(RECORDS SHOWN begins)

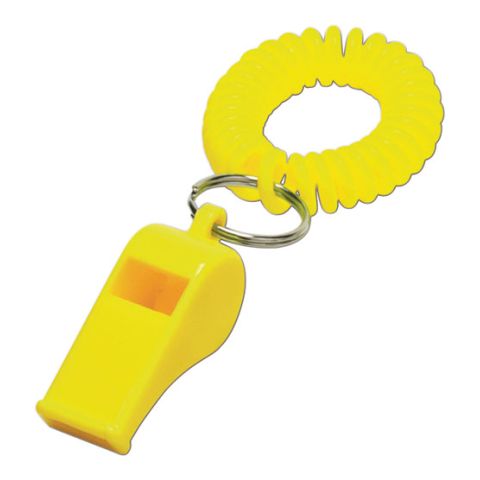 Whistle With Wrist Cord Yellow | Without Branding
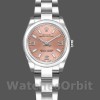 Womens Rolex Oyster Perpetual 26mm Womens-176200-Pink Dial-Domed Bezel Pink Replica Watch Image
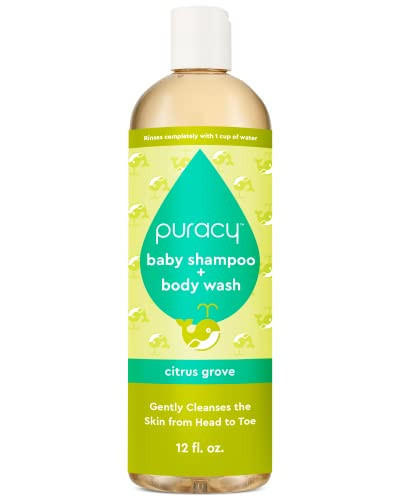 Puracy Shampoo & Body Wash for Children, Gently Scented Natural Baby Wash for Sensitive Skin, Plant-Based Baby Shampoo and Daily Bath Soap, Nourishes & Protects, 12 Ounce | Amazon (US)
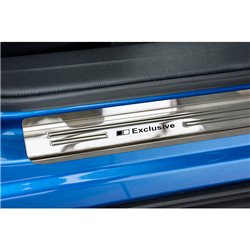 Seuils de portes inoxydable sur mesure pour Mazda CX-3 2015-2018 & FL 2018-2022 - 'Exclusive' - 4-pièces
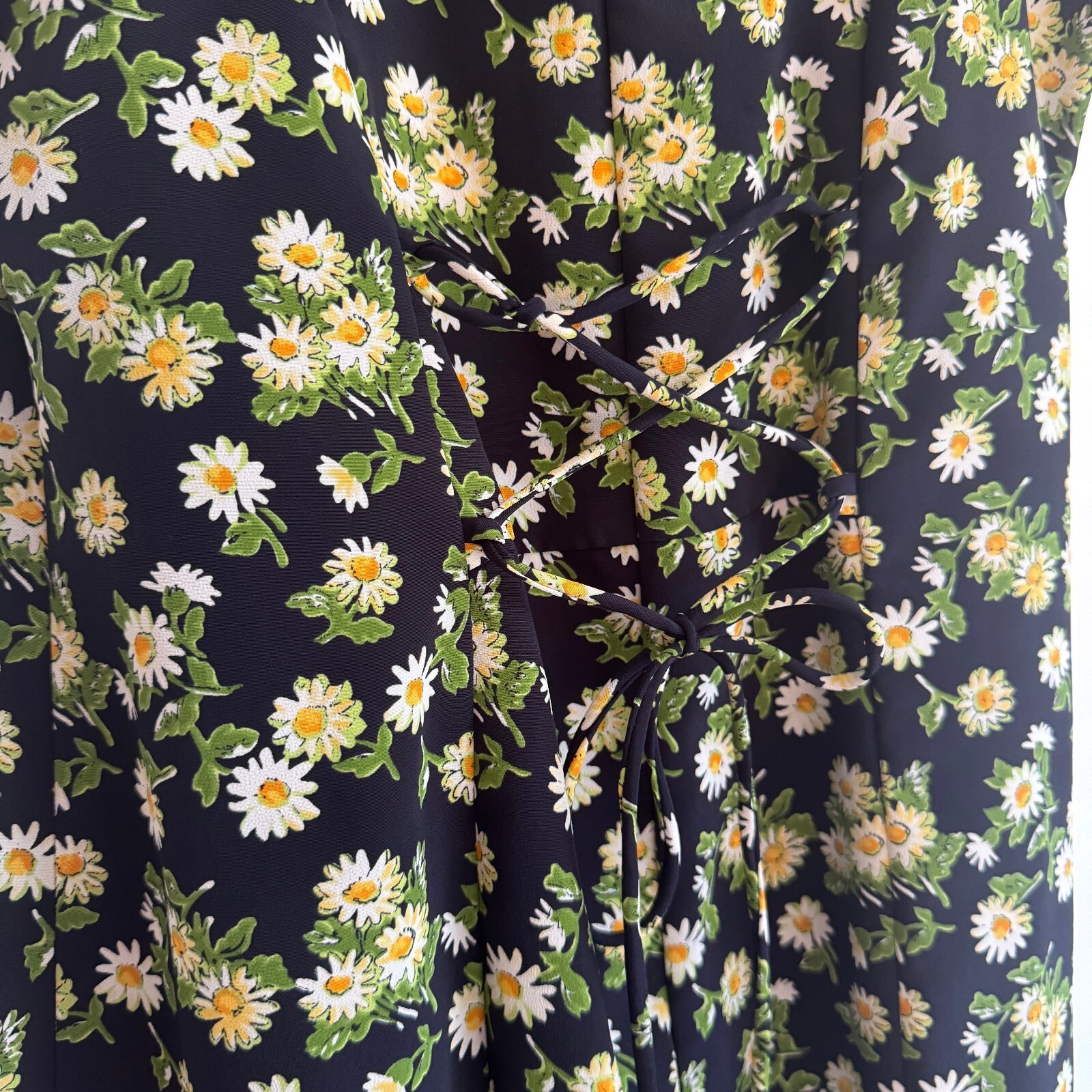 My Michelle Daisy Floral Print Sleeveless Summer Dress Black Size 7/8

(RECORDS SHOWN ends)
(RECORDS SHOWN begins)

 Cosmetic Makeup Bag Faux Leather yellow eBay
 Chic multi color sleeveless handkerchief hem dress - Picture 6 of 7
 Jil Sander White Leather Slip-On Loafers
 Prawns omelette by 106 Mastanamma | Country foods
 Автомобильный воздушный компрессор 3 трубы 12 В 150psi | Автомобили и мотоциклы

(RECORDS SHOWN ends)
(RECORDS SHOWN begins)

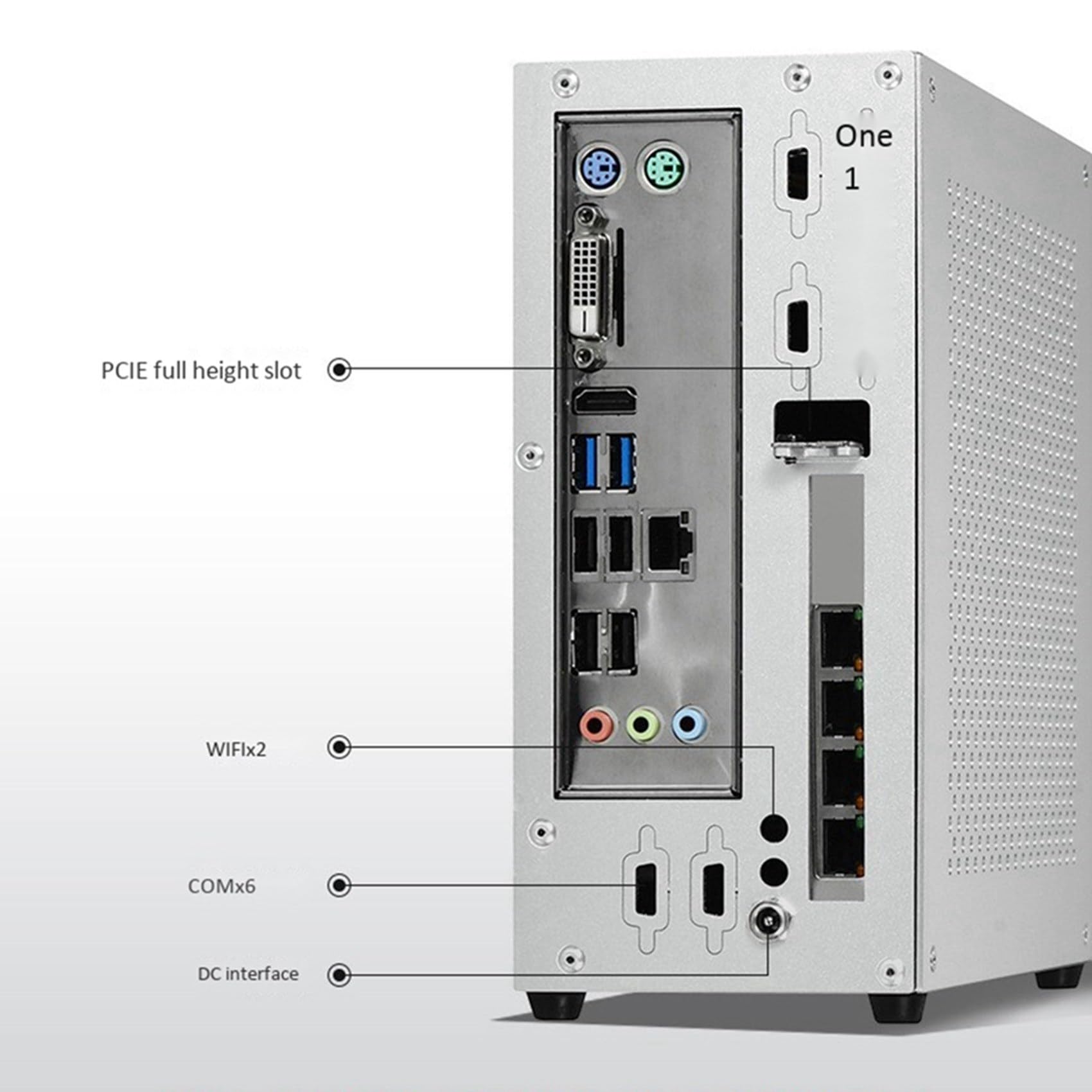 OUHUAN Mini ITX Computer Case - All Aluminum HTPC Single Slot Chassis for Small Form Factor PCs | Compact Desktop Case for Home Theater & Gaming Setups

(RECORDS SHOWN ends)

[WHAT TO DO] Return exactly the lines of the material above, starting at the line containing "Whistle With Wrist" and finishing at the line containing "My Michelle Daisy", without any pictures.

[WORKED SOLUTION]
 Whistle With Wrist Cord Yellow | Without Branding
 Womens Rolex Oyster Perpetual 26mm Womens-176200-Pink Dial-Domed Bezel Pink Replica Watch Image
 Puracy Shampoo & Body Wash for Children, Gently Scented Natural Baby Wash for Sensitive Skin, Plant-Based Baby Shampoo and Daily Bath Soap, Nourishes & Protects, 12 Ounce | Amazon (US)
 Seuils de portes inoxydable sur mesure pour Mazda CX-3 2015-2018 & FL 2018-2022 - 'Exclusive' - 4-pièces
 My Michelle Daisy Floral Print Sleeveless Summer Dress Black Size 7/8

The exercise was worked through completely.